╭─ SUPPLIED ENTRIES

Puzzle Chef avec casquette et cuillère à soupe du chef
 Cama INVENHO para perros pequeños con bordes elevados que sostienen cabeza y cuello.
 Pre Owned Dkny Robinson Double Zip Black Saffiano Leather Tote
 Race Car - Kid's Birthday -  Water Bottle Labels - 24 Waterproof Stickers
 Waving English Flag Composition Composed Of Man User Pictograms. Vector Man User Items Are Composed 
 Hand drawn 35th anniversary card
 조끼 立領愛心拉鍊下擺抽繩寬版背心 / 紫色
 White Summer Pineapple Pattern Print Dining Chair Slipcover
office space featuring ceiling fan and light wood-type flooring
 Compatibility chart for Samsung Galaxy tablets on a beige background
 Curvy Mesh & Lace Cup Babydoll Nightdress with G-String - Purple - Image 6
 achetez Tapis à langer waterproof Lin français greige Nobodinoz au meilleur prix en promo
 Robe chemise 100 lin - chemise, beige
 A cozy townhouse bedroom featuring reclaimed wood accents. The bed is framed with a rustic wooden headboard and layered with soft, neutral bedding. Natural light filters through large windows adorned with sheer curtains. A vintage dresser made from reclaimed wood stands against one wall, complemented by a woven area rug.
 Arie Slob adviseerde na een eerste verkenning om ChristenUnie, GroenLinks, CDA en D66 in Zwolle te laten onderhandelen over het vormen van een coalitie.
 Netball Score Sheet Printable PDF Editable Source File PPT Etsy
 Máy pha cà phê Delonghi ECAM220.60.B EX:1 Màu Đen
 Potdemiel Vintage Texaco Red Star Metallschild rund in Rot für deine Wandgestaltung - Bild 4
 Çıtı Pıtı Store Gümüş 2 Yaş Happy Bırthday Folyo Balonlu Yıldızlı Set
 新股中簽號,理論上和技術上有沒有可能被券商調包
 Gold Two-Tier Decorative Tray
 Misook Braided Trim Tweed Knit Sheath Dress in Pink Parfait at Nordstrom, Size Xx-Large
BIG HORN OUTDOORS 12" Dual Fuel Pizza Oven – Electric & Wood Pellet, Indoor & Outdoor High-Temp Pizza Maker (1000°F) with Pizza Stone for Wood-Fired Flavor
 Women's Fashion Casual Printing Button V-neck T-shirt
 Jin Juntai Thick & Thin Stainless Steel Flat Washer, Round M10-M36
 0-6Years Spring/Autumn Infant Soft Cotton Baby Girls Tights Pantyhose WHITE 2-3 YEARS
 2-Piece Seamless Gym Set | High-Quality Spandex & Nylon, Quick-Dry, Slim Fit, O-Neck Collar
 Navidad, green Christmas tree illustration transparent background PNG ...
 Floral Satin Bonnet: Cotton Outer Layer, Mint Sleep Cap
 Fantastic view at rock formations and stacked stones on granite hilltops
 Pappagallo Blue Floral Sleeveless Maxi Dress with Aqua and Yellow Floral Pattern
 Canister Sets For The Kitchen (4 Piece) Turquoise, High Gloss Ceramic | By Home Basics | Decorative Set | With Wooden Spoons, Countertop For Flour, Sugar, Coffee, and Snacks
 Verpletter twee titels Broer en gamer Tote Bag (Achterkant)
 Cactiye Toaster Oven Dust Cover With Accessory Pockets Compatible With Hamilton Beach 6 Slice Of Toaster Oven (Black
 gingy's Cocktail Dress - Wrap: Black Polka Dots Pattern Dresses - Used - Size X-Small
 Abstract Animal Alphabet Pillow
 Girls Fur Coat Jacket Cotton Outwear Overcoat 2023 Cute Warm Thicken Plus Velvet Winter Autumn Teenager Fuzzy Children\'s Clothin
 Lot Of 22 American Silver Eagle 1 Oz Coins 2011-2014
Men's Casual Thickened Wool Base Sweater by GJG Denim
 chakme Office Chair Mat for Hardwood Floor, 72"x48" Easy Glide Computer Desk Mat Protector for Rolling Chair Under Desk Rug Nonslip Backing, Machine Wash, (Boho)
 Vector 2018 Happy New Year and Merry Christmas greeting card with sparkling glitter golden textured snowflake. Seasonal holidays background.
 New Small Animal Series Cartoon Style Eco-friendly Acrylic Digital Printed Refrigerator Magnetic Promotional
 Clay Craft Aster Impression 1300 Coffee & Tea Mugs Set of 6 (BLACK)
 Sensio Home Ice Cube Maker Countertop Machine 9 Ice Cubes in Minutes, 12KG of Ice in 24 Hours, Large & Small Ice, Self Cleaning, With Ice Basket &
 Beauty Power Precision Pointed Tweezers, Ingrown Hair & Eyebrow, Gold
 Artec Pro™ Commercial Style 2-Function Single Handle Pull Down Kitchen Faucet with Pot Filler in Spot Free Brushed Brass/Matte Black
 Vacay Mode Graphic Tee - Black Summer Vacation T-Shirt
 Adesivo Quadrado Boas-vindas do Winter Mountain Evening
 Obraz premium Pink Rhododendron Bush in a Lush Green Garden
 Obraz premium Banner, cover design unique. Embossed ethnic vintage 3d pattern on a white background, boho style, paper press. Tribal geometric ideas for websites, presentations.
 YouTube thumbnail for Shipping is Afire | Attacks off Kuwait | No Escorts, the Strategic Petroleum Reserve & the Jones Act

╰─

■ **ACTIVITY**
Transcribe all of the records exactly.

■ **RESULT OF THIS EXERCISE**
Puzzle Chef avec casquette et cuillère à soupe du chef
 Cama INVENHO para perros pequeños con bordes elevados que sostienen cabeza y cuello.
 Pre Owned Dkny Robinson Double Zip Black Saffiano Leather Tote
 Race Car - Kid's Birthday -  Water Bottle Labels - 24 Waterproof Stickers
 Waving English Flag Composition Composed Of Man User Pictograms. Vector Man User Items Are Composed 
 Hand drawn 35th anniversary card
 조끼 立領愛心拉鍊下擺抽繩寬版背心 / 紫色
 White Summer Pineapple Pattern Print Dining Chair Slipcover
office space featuring ceiling fan and light wood-type flooring
 Compatibility chart for Samsung Galaxy tablets on a beige background
 Curvy Mesh & Lace Cup Babydoll Nightdress with G-String - Purple - Image 6
 achetez Tapis à langer waterproof Lin français greige Nobodinoz au meilleur prix en promo
 Robe chemise 100 lin - chemise, beige
 A cozy townhouse bedroom featuring reclaimed wood accents. The bed is framed with a rustic wooden headboard and layered with soft, neutral bedding. Natural light filters through large windows adorned with sheer curtains. A vintage dresser made from reclaimed wood stands against one wall, complemented by a woven area rug.
 Arie Slob adviseerde na een eerste verkenning om ChristenUnie, GroenLinks, CDA en D66 in Zwolle te laten onderhandelen over het vormen van een coalitie.
 Netball Score Sheet Printable PDF Editable Source File PPT Etsy
 Máy pha cà phê Delonghi ECAM220.60.B EX:1 Màu Đen
 Potdemiel Vintage Texaco Red Star Metallschild rund in Rot für deine Wandgestaltung - Bild 4
 Çıtı Pıtı Store Gümüş 2 Yaş Happy Bırthday Folyo Balonlu Yıldızlı Set
 新股中簽號,理論上和技術上有沒有可能被券商調包
 Gold Two-Tier Decorative Tray
 Misook Braided Trim Tweed Knit Sheath Dress in Pink Parfait at Nordstrom, Size Xx-Large
BIG HORN OUTDOORS 12" Dual Fuel Pizza Oven – Electric & Wood Pellet, Indoor & Outdoor High-Temp Pizza Maker (1000°F) with Pizza Stone for Wood-Fired Flavor
 Women's Fashion Casual Printing Button V-neck T-shirt
 Jin Juntai Thick & Thin Stainless Steel Flat Washer, Round M10-M36
 0-6Years Spring/Autumn Infant Soft Cotton Baby Girls Tights Pantyhose WHITE 2-3 YEARS
 2-Piece Seamless Gym Set | High-Quality Spandex & Nylon, Quick-Dry, Slim Fit, O-Neck Collar
 Navidad, green Christmas tree illustration transparent background PNG ...
 Floral Satin Bonnet: Cotton Outer Layer, Mint Sleep Cap
 Fantastic view at rock formations and stacked stones on granite hilltops
 Pappagallo Blue Floral Sleeveless Maxi Dress with Aqua and Yellow Floral Pattern
 Canister Sets For The Kitchen (4 Piece) Turquoise, High Gloss Ceramic | By Home Basics | Decorative Set | With Wooden Spoons, Countertop For Flour, Sugar, Coffee, and Snacks
 Verpletter twee titels Broer en gamer Tote Bag (Achterkant)
 Cactiye Toaster Oven Dust Cover With Accessory Pockets Compatible With Hamilton Beach 6 Slice Of Toaster Oven (Black
 gingy's Cocktail Dress - Wrap: Black Polka Dots Pattern Dresses - Used - Size X-Small
 Abstract Animal Alphabet Pillow
 Girls Fur Coat Jacket Cotton Outwear Overcoat 2023 Cute Warm Thicken Plus Velvet Winter Autumn Teenager Fuzzy Children\'s Clothin
 Lot Of 22 American Silver Eagle 1 Oz Coins 2011-2014
Men's Casual Thickened Wool Base Sweater by GJG Denim
 chakme Office Chair Mat for Hardwood Floor, 72"x48" Easy Glide Computer Desk Mat Protector for Rolling Chair Under Desk Rug Nonslip Backing, Machine Wash, (Boho)
 Vector 2018 Happy New Year and Merry Christmas greeting card with sparkling glitter golden textured snowflake. Seasonal holidays background.
 New Small Animal Series Cartoon Style Eco-friendly Acrylic Digital Printed Refrigerator Magnetic Promotional
 Clay Craft Aster Impression 1300 Coffee & Tea Mugs Set of 6 (BLACK)
 Sensio Home Ice Cube Maker Countertop Machine 9 Ice Cubes in Minutes, 12KG of Ice in 24 Hours, Large & Small Ice, Self Cleaning, With Ice Basket &
 Beauty Power Precision Pointed Tweezers, Ingrown Hair & Eyebrow, Gold
 Artec Pro™ Commercial Style 2-Function Single Handle Pull Down Kitchen Faucet with Pot Filler in Spot Free Brushed Brass/Matte Black
 Vacay Mode Graphic Tee - Black Summer Vacation T-Shirt
 Adesivo Quadrado Boas-vindas do Winter Mountain Evening
 Obraz premium Pink Rhododendron Bush in a Lush Green Garden
 Obraz premium Banner, cover design unique. Embossed ethnic vintage 3d pattern on a white background, boho style, paper press. Tribal geometric ideas for websites, presentations.
 YouTube thumbnail for Shipping is Afire | Attacks off Kuwait | No Escorts, the Strategic Petroleum Reserve & the Jones Act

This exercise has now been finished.